Oil prices slipped on Monday, briefly touching their lowest level in almost two months on concerns over the state of the global economy.
U.S. crude oil for August delivery fell 20 cents to settle at $59.69 a barrel, after earlier falling to a low of $58.32, the lowest since May 18. London Brent rose 17 cents to $60.69 a barrel.
The losses add to last week's 11 percent slide -- the market's biggest weekly decline since late January -- triggered by concerns another economic dip could delay a rebound in demand for fuel.
Prices are falling today and will probably fall tomorrow and for the rest of the week because in the near term the economic fundamentals continue to be very weak, said Mike Wittner, global head of oil research at Societe Generale.
Wittner saw a target for U.S. light crude at around $55 per barrel and said prices could press on down toward $50.
Adding downward pressure to oil prices, U.S. regulators have said they are planning to move aggressively to rein in excessive speculation in energy and commodity markets.
The market has realigned to be more in line with fundamentals as hopes for a quick recovery fade, and regulators keep talking about greater transparency, which market participants translate as position limits, said Mike Fitzpatrick, analyst at MF Global in New York.
Oil losses reverse a 40 percent spike last quarter as investors shrugged off weak fundamentals and banked on swift global economic recovery.
Daniel Liu, strategist at MF Global in Singapore, said that rally was clearly overdone.
We believe oil prices will see a further correction to fall to around $55, before they bounce up when confidence on the global economy returns to the market, Liu said.

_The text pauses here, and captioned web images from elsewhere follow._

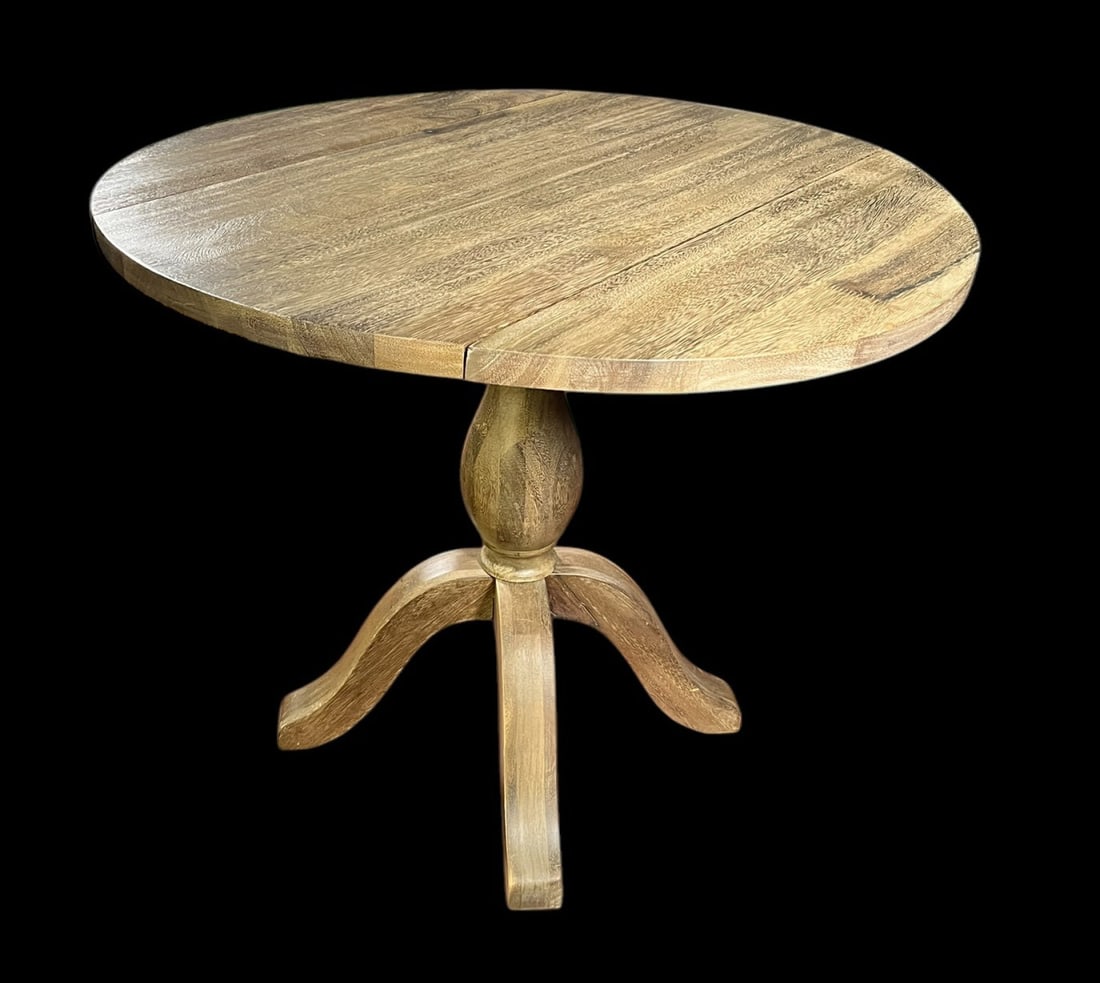 ROUND WEATHERED GRAY WOOD DROP LEAF TABLE - 4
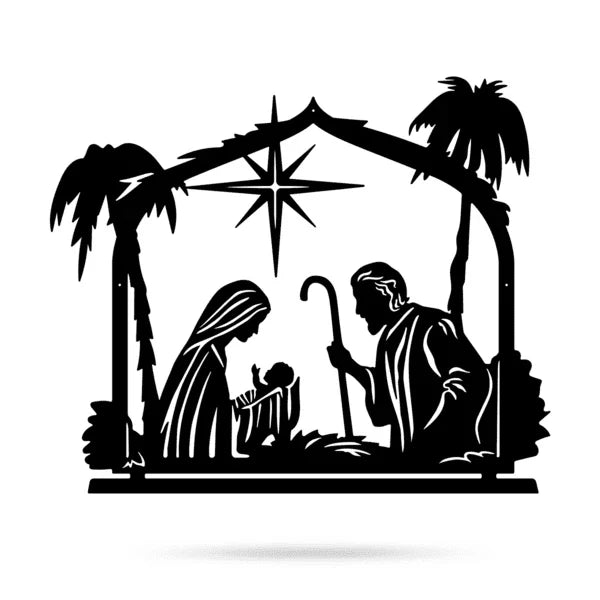 Nativity Scene Wall Deeeecor Cut Metal Sign Metal House Sign - 8 inches - metal sign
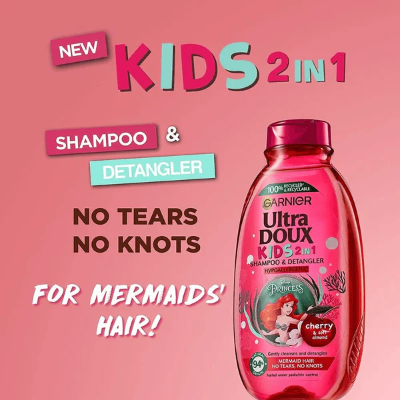 GARNIER ULTRA DOUX KIDS 2-IN-1 CHERRY SHAMPOO & DETANGLER, 400ML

Oil's losses Monday came despite a rise on Wall Street after positive analyst comments on the banking sector. <.N>
Oil prices had been tracking strong moves in the equities markets for months as dealers took stock market moves as an indication of the economic outlook.
Tempering oil's losses, Nigeria's main rebel group said Monday it sabotaged a loading dock for oil tankers in Lagos state, the first in the area since the group began its latest campaign of violence against Africa's biggest oil producer.
The attack came as the government released Henry Okah, the suspected leader of the Movement for the Emancipation of the Niger Delta, after more than a year in detention for suspected arms dealing.